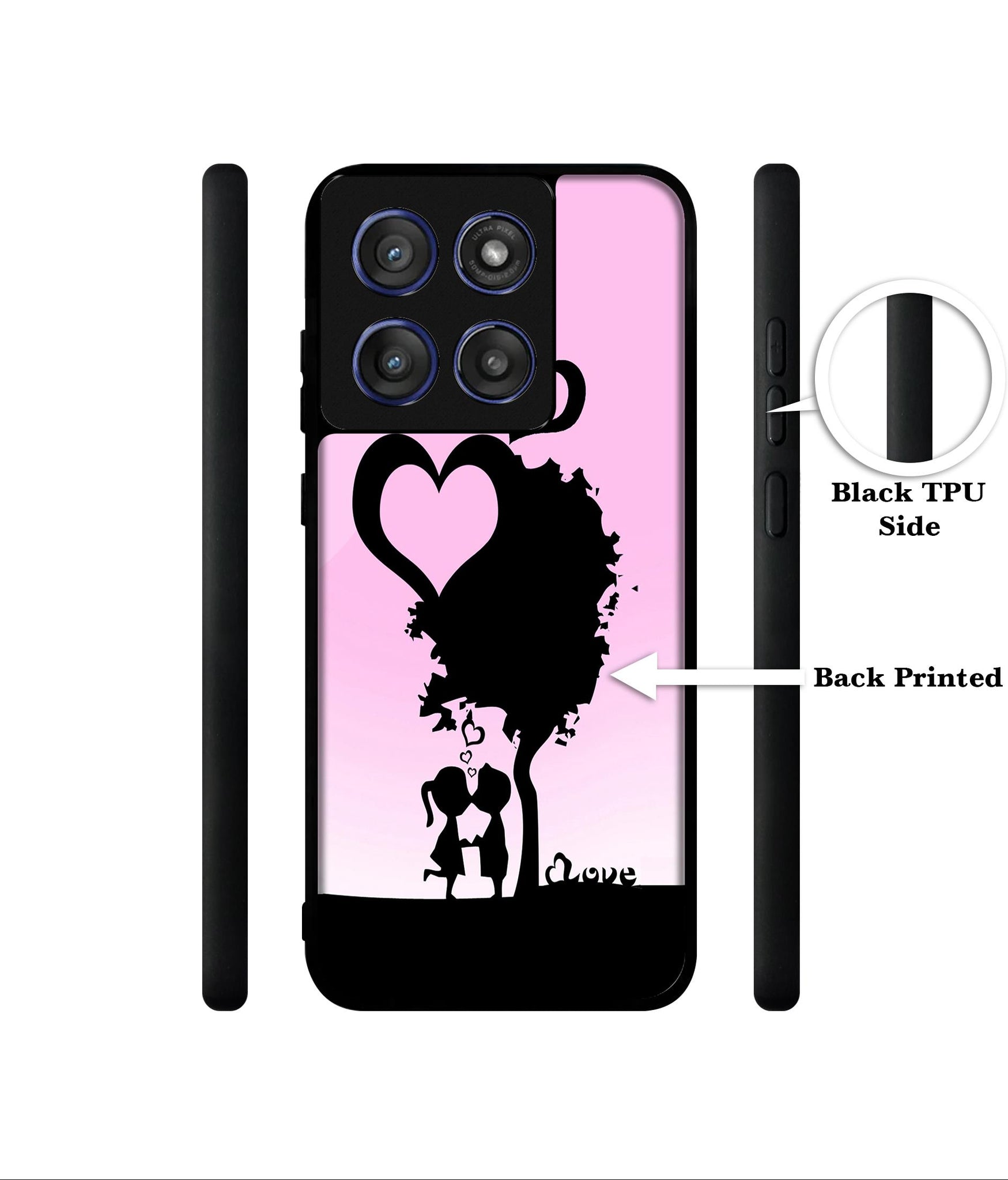 Sweet Love Designer 2D Printed Back Case Cover for Motorola Edge 60 Stylus 5G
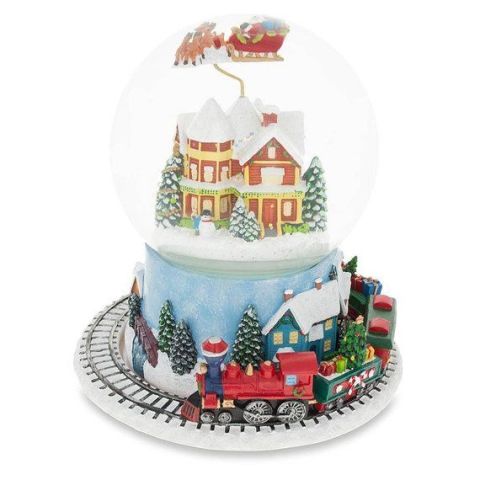 Müzikli Biblo Noel Baba Ve Müzikli Tren Müzikli Su Küresi No:61012
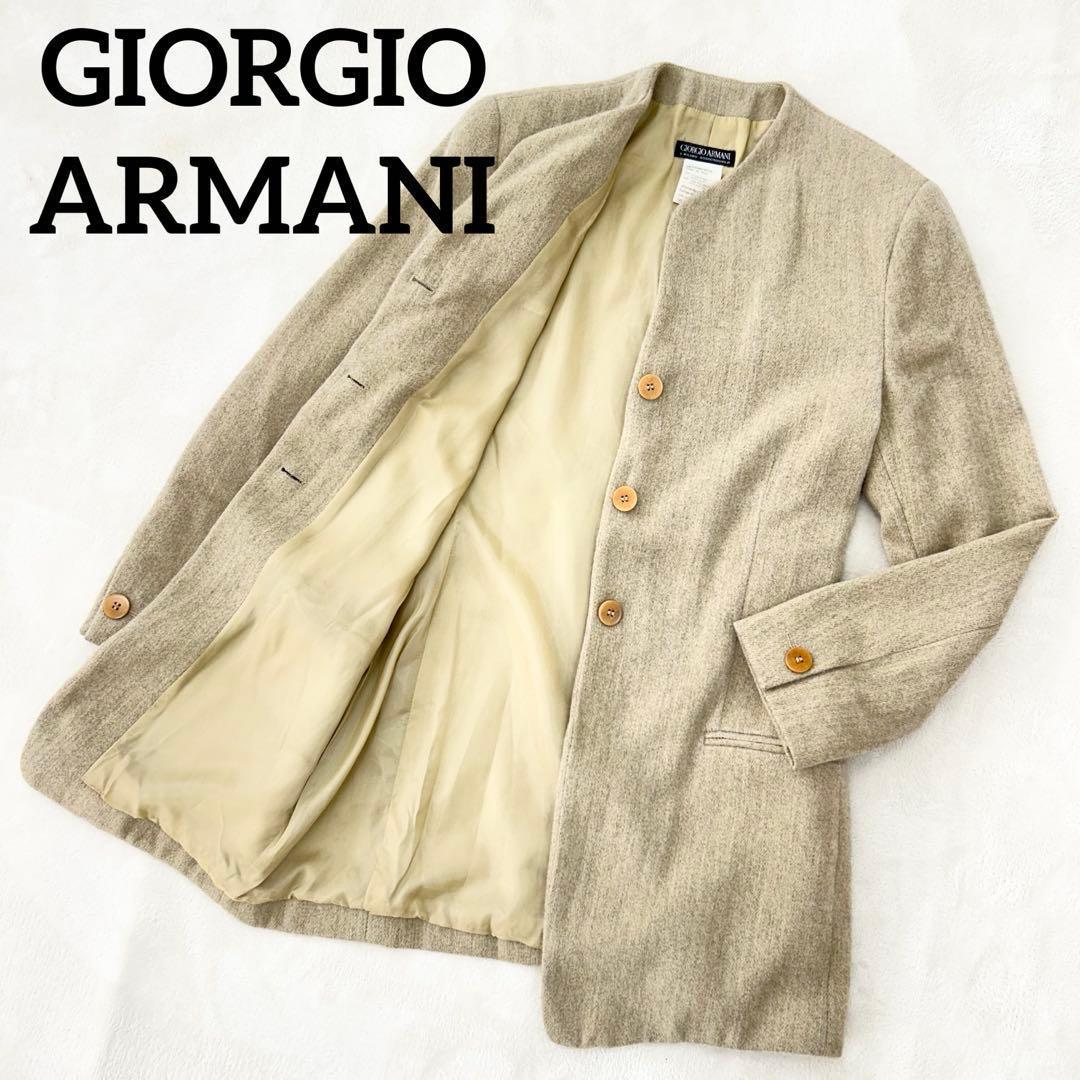 ジョルジオアルマーニ　アルパカ　コート　レディースM〜Ｌ　ライトブラウン　希少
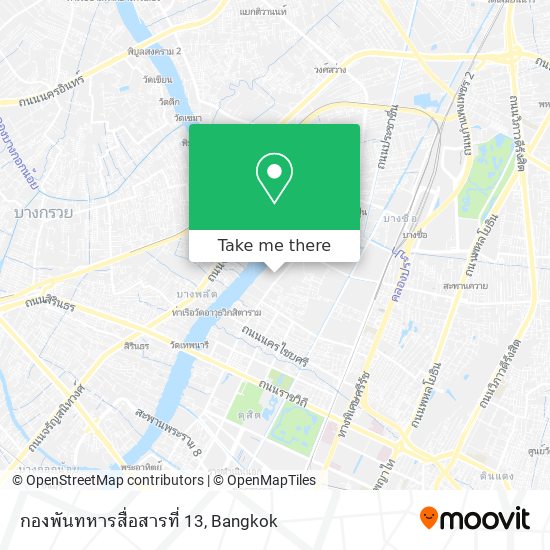 กองพันทหารสื่อสารที่ 13 map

________

For the material above, give every line again exactly and leave out the pictures.

 Sweet Love Designer 2D Printed Back Case Cover for Motorola Edge 60 Stylus 5G
 Müzikli Biblo Noel Baba Ve Müzikli Tren Müzikli Su Küresi No:61012
 ジョルジオアルマーニ　アルパカ　コート　レディースM〜Ｌ　ライトブラウン　希少
 กองพันทหารสื่อสารที่ 13 map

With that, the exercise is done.